Material objects have always been a way for teenagers to express themselves. But in recent years social media has upped the stakes. In affluent Marin County, youth feel the pressure to have the latest and greatest.

According to a July 2022 article in the US News & World Report, Marin is the eighth wealthiest county in the U.S. Brands like Lululemon and Apple are the norm, setting a high standard for high schoolers to reach. 

“Living in Marin makes me question my own socio-economic status,” said junior Zoe Dombrosky. “There is such immense wealth in this community that it makes me believe what I have isn’t enough. I feel self-conscious around others who I know are wealthier than me, even though my family and I are perfectly comfortable.” 

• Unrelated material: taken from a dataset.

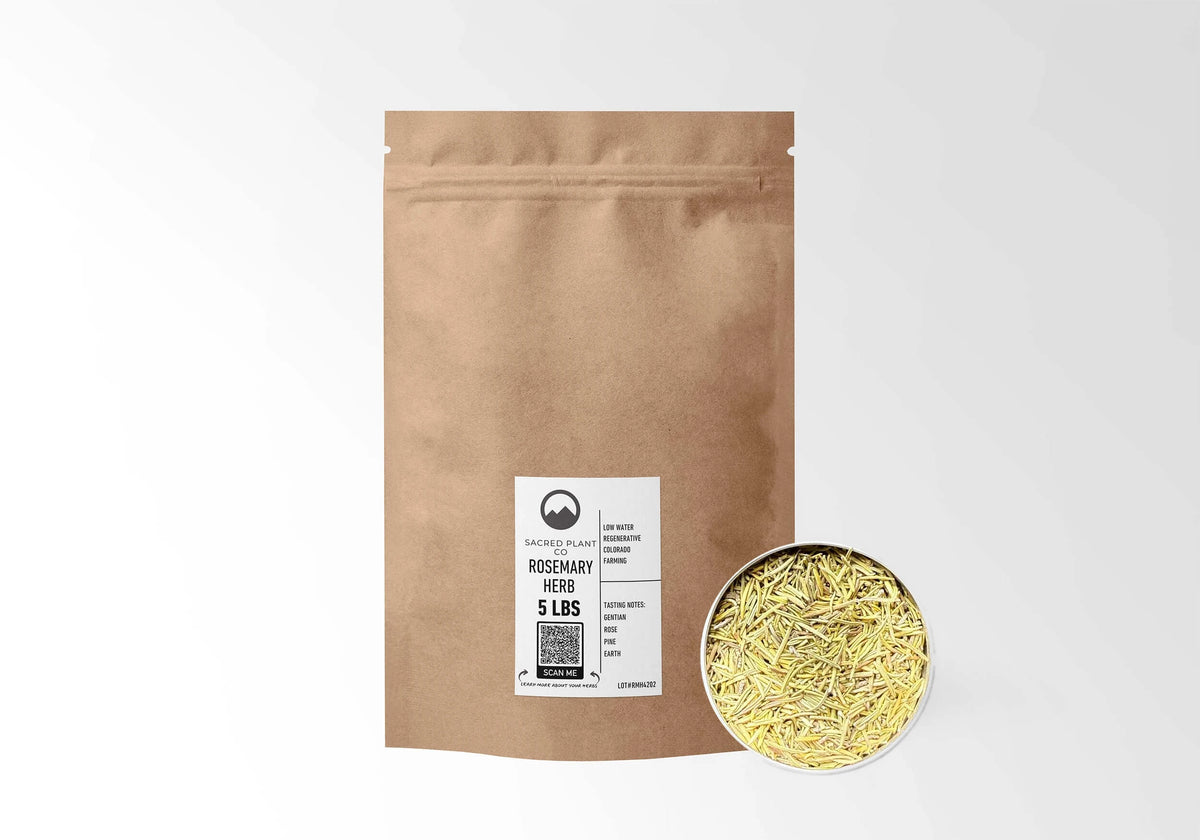 Sacred Plant Co Rosemary 5 LBS kraft stand-up pouch shown with a sample of the herb.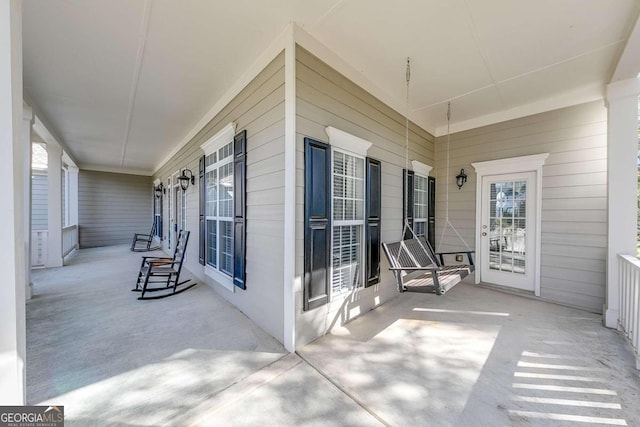 view of patio with a porch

The amount of wealth in Marin County is not typical among other communities across the U.S. Many residents live in spacious homes and have the ability to make frequent, pricey purchases.

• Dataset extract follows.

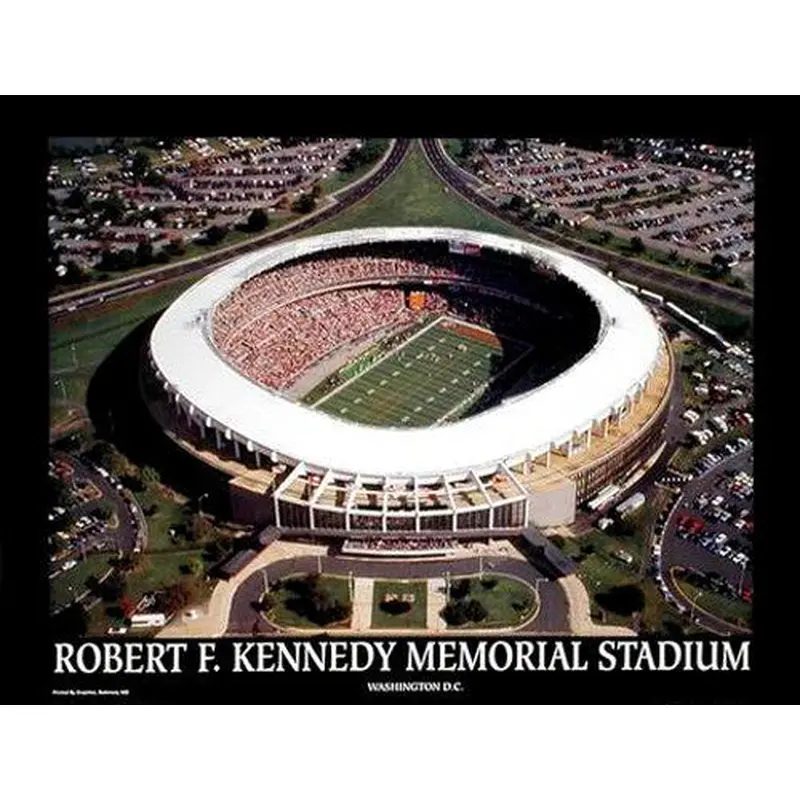 Washington Redskins RFK Stadium Gameday Classic Aerial Poster Print - Aerial Views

 “I used to not like people to come over during middle school…I was so scared of being judged because everybody has such big houses,” said sophomore Linnea Nowlen.

Throughout all aspects of life, there are hierarchies. Teenagers, in particular, tend to be very “status-conscious,” acquiring certain items is a way of climbing the social ladder. The constant longing to obtain more can get in the way of other aspects of life. 

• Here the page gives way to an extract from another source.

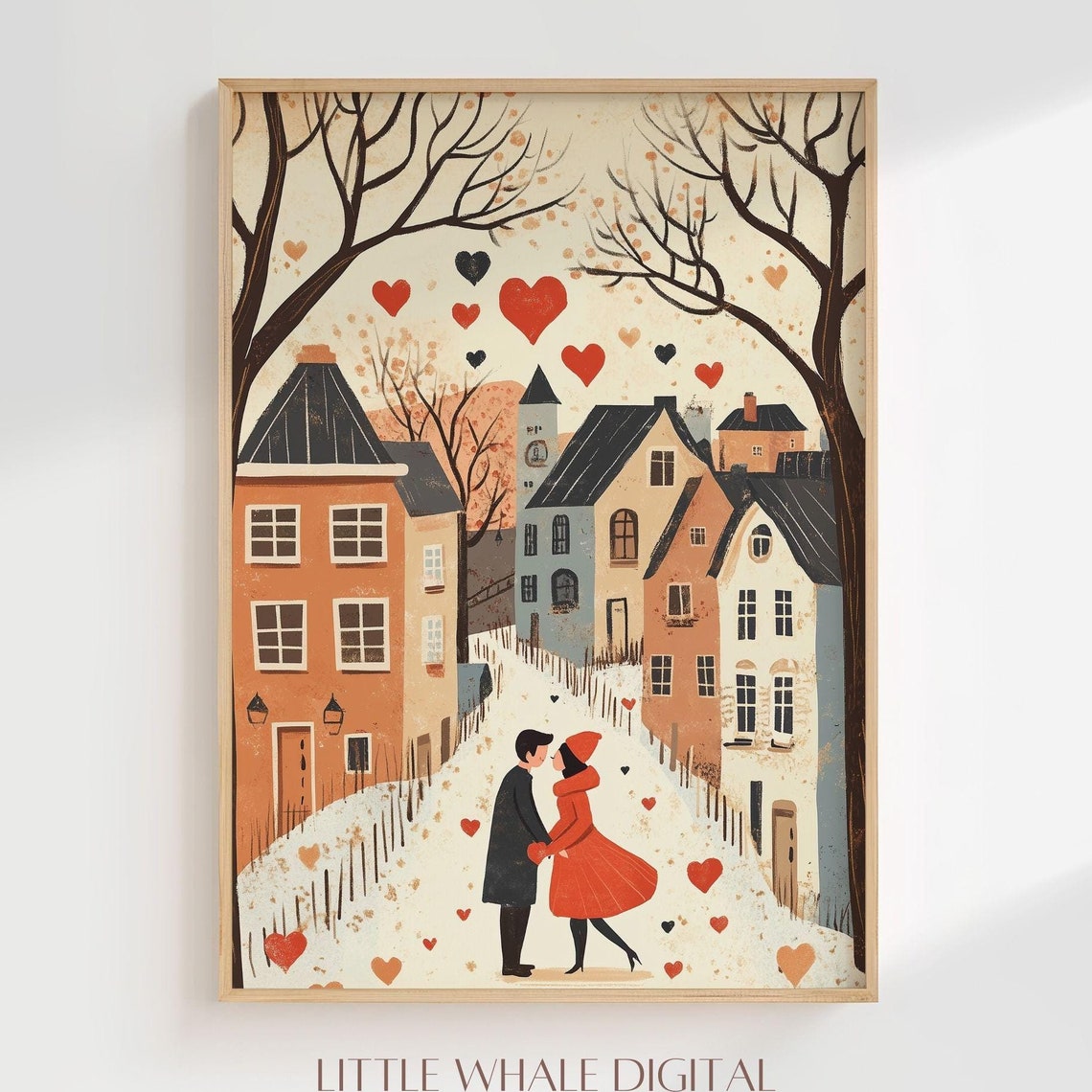 Embracing Couple Above Town Falling Hearts Autumn Romance Poster - Image 3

‘[Advertisements] convince me that I need something…It’s so ridiculous and honestly exhausting because I get blinded and lose sight of the important things, like my school work, relationships, and personal well-being,” Zoe said. 

Although judgments may not be verbally expressed, many students still worry that others’ perceptions of them are affected by whether or not they have the hottest new gizmo on the market. The pressure may appear subtle but it’s still there. 

“I’ve got kind of an old phone but I feel like nobody else has an old phone anymore,” Linnea said.

It’s not just students who are affected by the status driven culture that is so prevalent in Marin. English teacher Diana Goldberg worked at a school in Hayward, in the East Bay, before switching to Archie Williams three years ago, and sees a stark contrast. 

Stores light up The Village at Corte Madera, a place where many Archie Williams students shop on the weekends. (Maddie Alsterline)

“[In Marin] I see access to cars and criticism over what kind of car people drive. I even had students criticize my own hybrid car when I first started teaching here,” Goldberg said.

Teenagers are at a vulnerable and formative stage in their life. Not only are their brains still developing, but they’re still figuring out who they are. Most teenagers long to fit in, and for many, possessing certain items is just the way to do it.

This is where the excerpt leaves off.